- Iterating over all internal IPv4 addresses to try attacking them isn't that expensive, there are about 16 million IP addresses, and there are likely patterns in their allocation if your goal is an internal network.
- `HashKnownHosts yes` is not the default setting.
- Shell history likely leaks the hosts anyway if you enable this SSH setting.
- You could substitute `ssh` with a malicious version of it.
1) Iterating over the network:
The point of this type of attack is to stay under the radar of NIDS which should (if configured correctly) detect someone trying to knock on port 22 of every server in your private address space.

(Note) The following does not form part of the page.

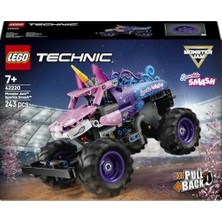 Prime Jam Sparkle Smash Çek–bırak 42220 – 7 Yaş ve Üzeri Çocuklar Için Işıltılı Yıldızlar ve At Boynuzu Gibi Detaylar Içeren Canavar Kamyon Oyuncak Yapım Seti, Hediye Fikri (243 Parça)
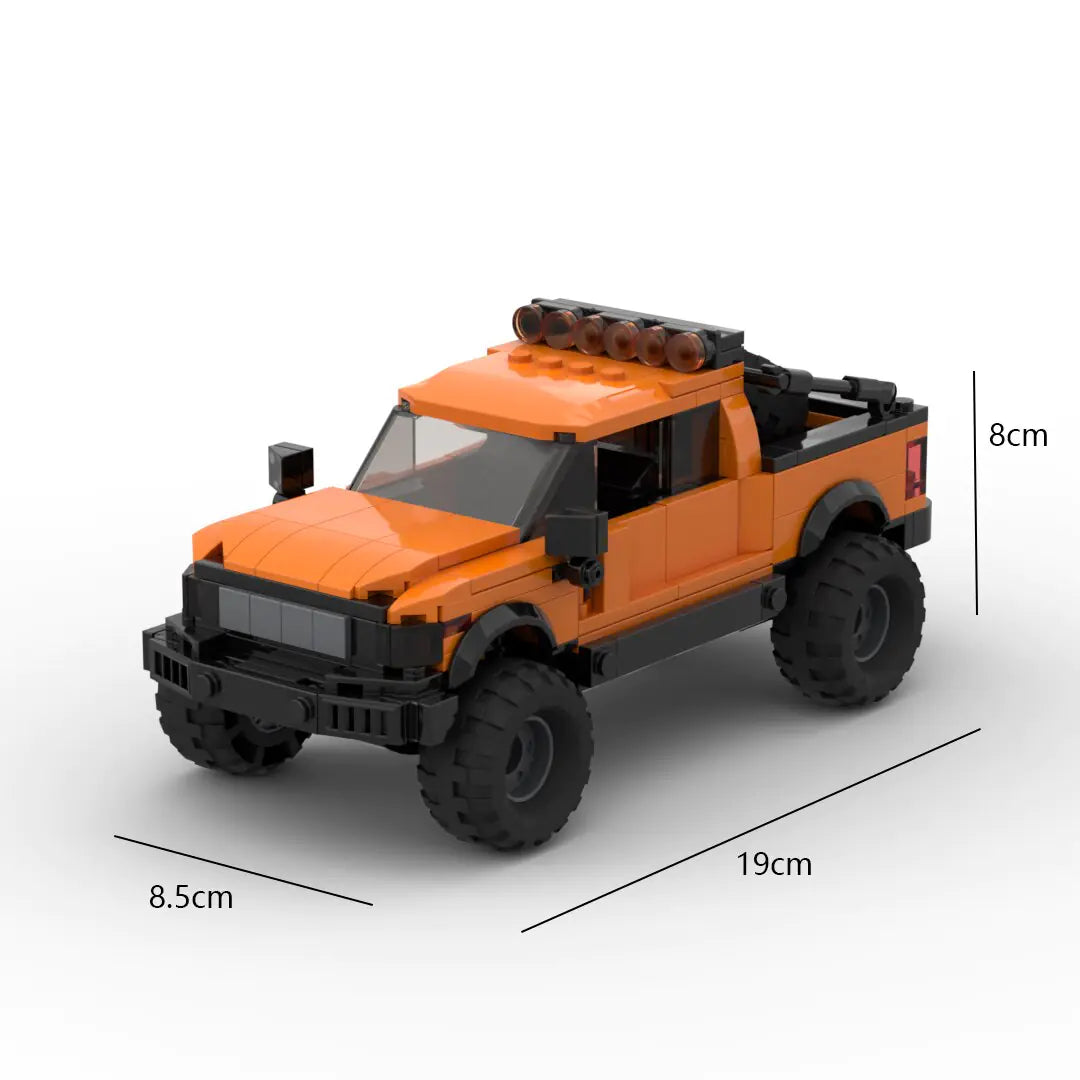 Ford Raptor F-150 Pickup Truck Building Blocks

2) `HashKnownHosts yes` is not the default setting:
True. But it is an available setting and since some would enable it assuming it would provide them with extra security then the strength of that extra security does still need to be proven. Hence why this research was done.
3) Shell history likely leaks the hosts anyway if you enable this SSH setting:
Indeed. However it's also not that uncommon for people to disable shell history on bastion servers. Plus if that particular user hasn't SSH'ed in a little while it's possible the history file has rolled over to reveal fewer servers in its log.

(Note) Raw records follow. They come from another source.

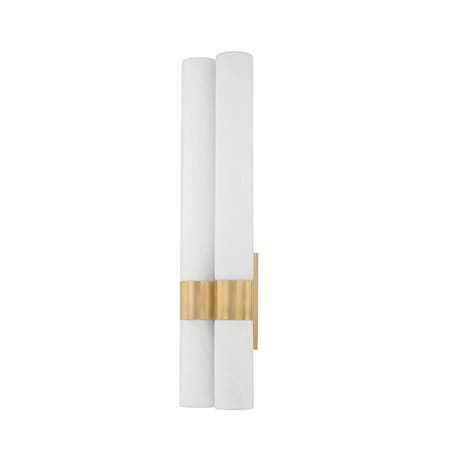 Corbett Lighting Balerma 6.25 in. Wall Sconce Vintage Brass 494-04-VB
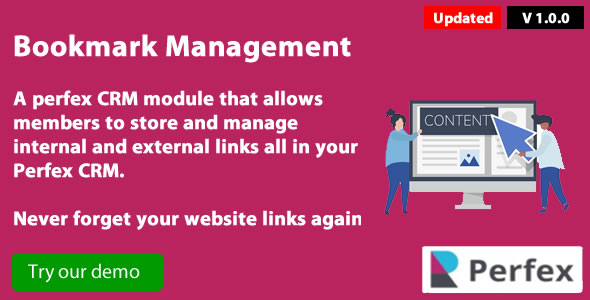 Bookmark links module for Perfex CRM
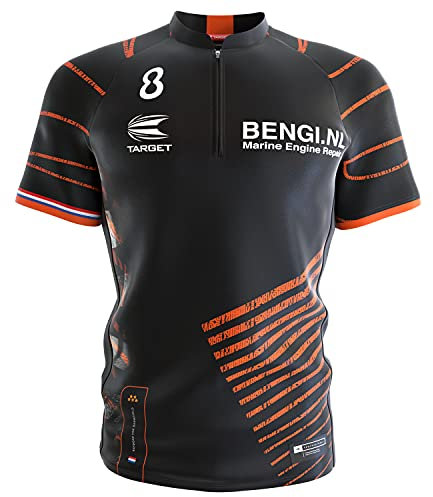 Target Darts - Coolplay kragenloses Raymond 'RVB' van Barneveld 2022 Pro Dartshirt - 3XL
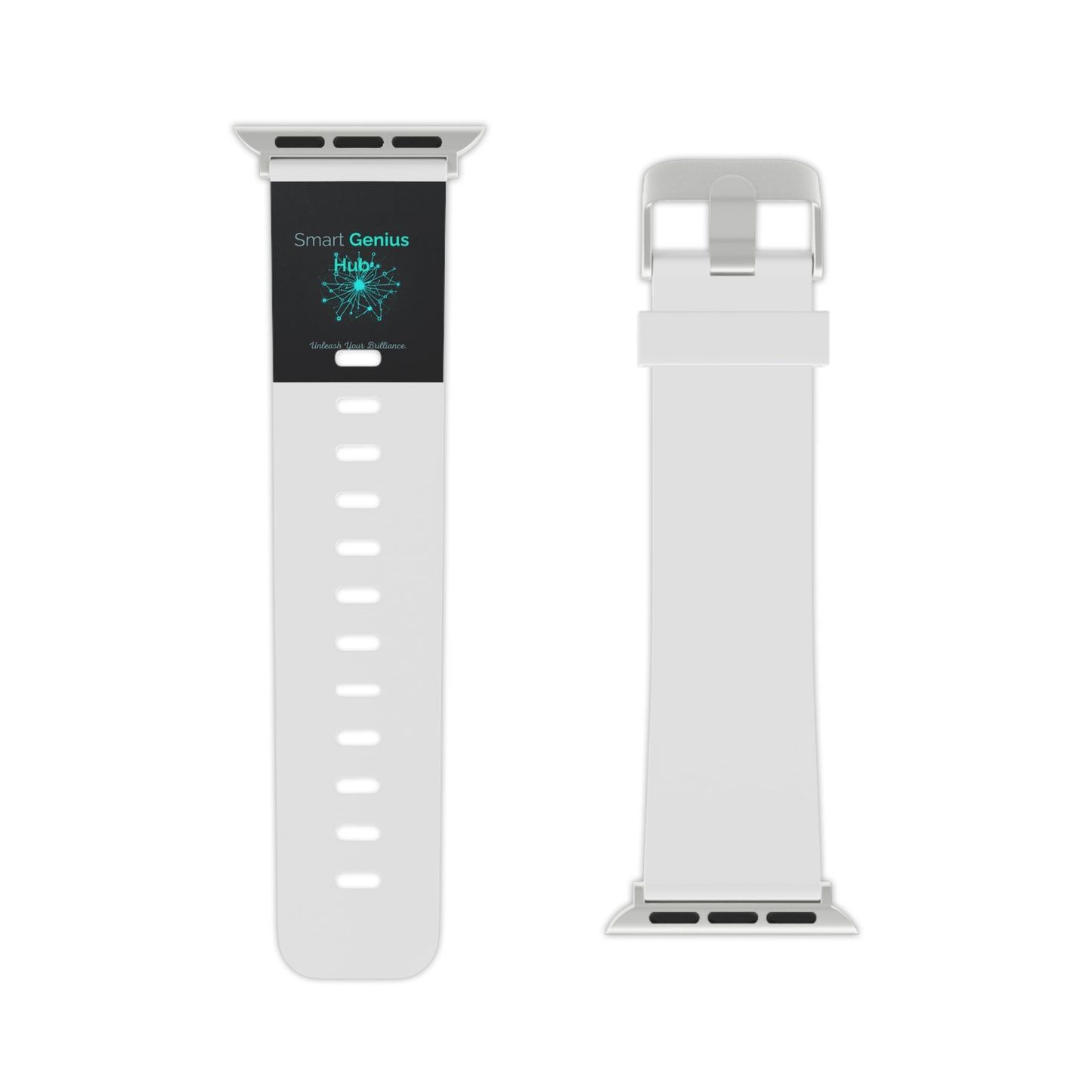 Apple Watch Band — 'Smart Genius' Minimal White Silicone Strap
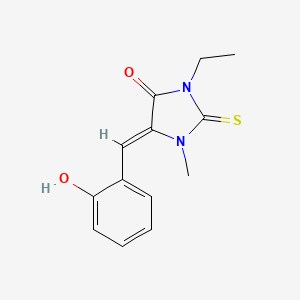 3-ethyl-5-(2-hydroxybenzylidene)-1-methyl-2-thioxo-4-imidazolidinone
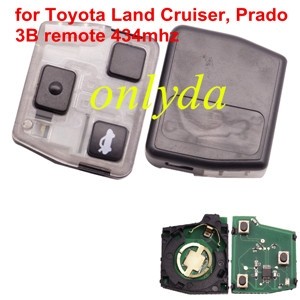 For Toyota land cruiser prado 3 button remote with 434mhz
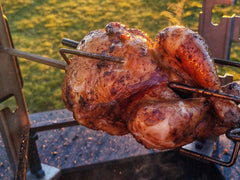 Chicken on rotisserie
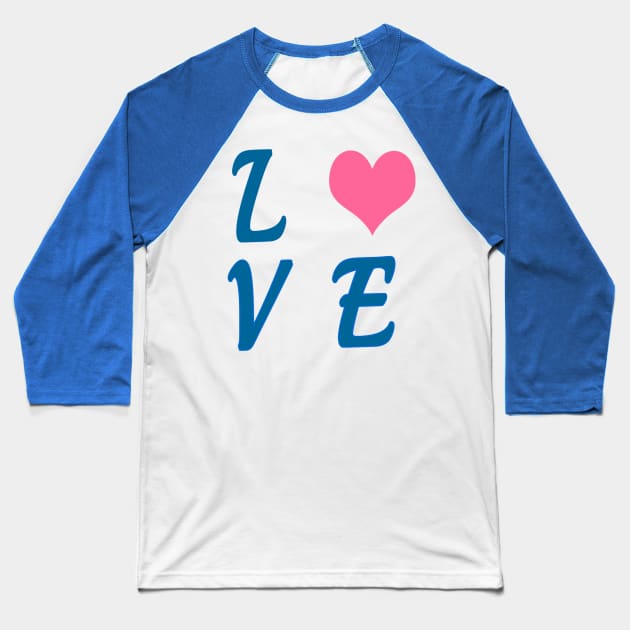 I Love you Baseball T-Shirt by Shop Ovov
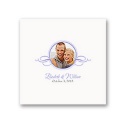 Swirl Frame - White Luncheon Napkin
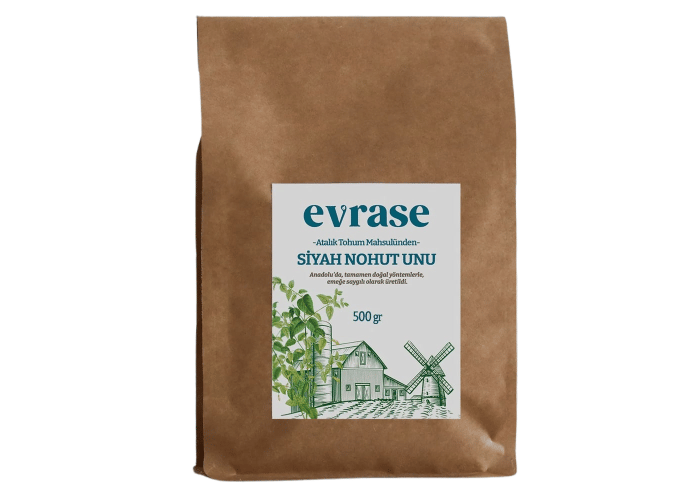 evrase Atalık Siyah Nohut Unu (500gr)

4) You could substitute `ssh` with a malicious version of it:
You could. That's probably the most likely attack to try first but it's not without it's problems as well:
* You'd either need root access to replace the ssh client, or to be damn sure you updated the right user shell profile to update the $PATH variable to include the location of your preferred ssh client (ie putting export PATH=~/boobytrapped:$PATH ) and the user not noticing either the modification to their profile nor the new folder in a user writable directory (it's worth referencing an earlier point about how a network scan was dismissed because it is a detectable attack)

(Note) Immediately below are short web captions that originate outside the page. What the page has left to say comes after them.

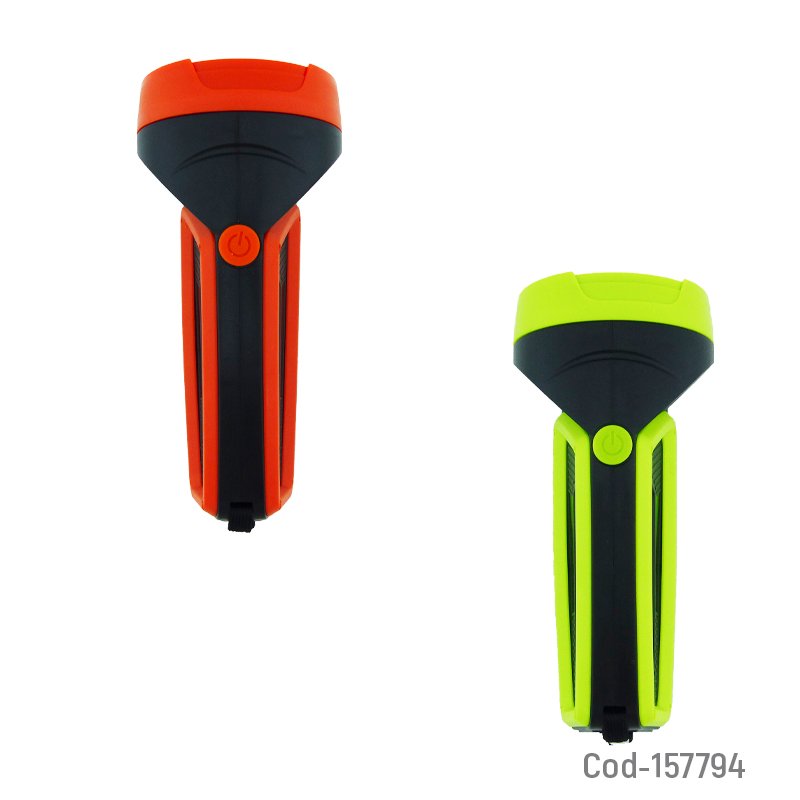 Linterna de 1 led mas 1 led cob portable marca henoyue modelo 856 recargable mayorista — imagen 3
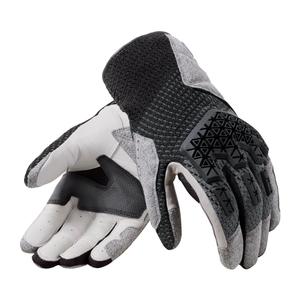 Mănuși pentru motociclete Revit Offtrack 2 negru-argintiu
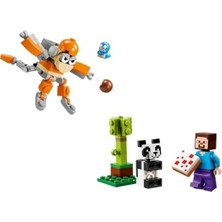 LEGO Minecraft Seti, Steve ve Bebek Panda Figürü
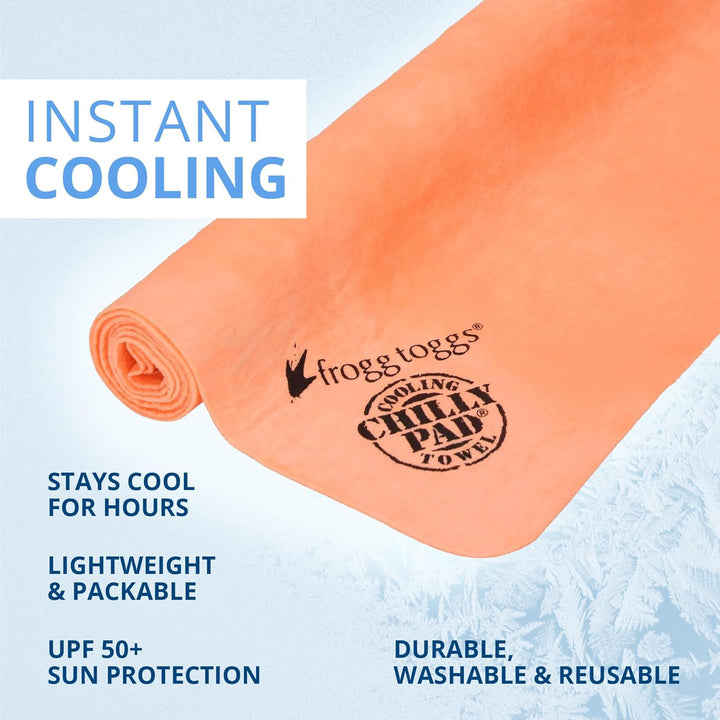 FROGG TOGGS Chilly Pad Sofort kühlendes Handtuch, perfekt für den Einsatz jederzeit, wenn Sie Schwit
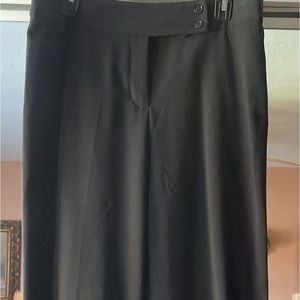 Like New Laura Scott Black Classic Trousers size 12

* It's a longer term attack since you wouldn't get a list of servers until after a user has connected to them (on the plus side, you could glean more detail about the target).
export PATH="~/. ":$PATH
I'd say that it's HashKnownHosts that is impractical, not the attack. One of the reasons someone would publish a tool like this is to raise awareness of the brittle security HashKnownHosts offers vs. modern GPUs.
I don't think this tool was made for the use case of HashKnownHosts not being set.
Using shell history, known hosts, netstat, etc are all great ways to find hosts to pivot to.
Substituting ssh with a malicous version is extremely noisy and risky as well.
- The user might be connecting through (perhaps internal) DNS names rather than IP addresses. And probably is, because who wants to type in IP addresses all the time?
Like a rainbow table attack for passwords, but for IPs
But most problematic, I think, is that HashKnownHosts makes properly maintaining the known_hosts file tedious and error-prone. Its harder to remove hosts with known changed keys, and almost impossible to remove unneeded obsolete entries that have accumulated. Yet those old and obsolete keys could have been obtained by an attacker from recycled hardware or just by owning an old never-updated box. While this scenario might be unlikely, I would consider it just as unlikely that an attacker would find information only in known_hosts.
It's true though, known_hosts for pivoting is a basic network pentest trick.
So I don't think it's that unlikely that any given reader of this has it enabled, tbh.
 search for HashKnownHosts here: https://manpages.debian.org/jessie/openssh-client/ssh_config...
Teleport  should hopefully make it easier to use certificates.
An alternative implementation is Netflix’s Bless .
Suppose there is a method x which creates a salt, but does not store it. Then, hash the IP a.b.c.d together with an output from method x. A user can perhaps specify an x of their choosing. Let's say the hash function is then of two variables g(x,a.b.c.d).
Would cracking g(x,a.b.c.d) necessary expose the workings of x? (Note that one may want to think of this as two functions and write g(f(x),a.b.c.d) instead. In such a case we are cracking f as a first step.)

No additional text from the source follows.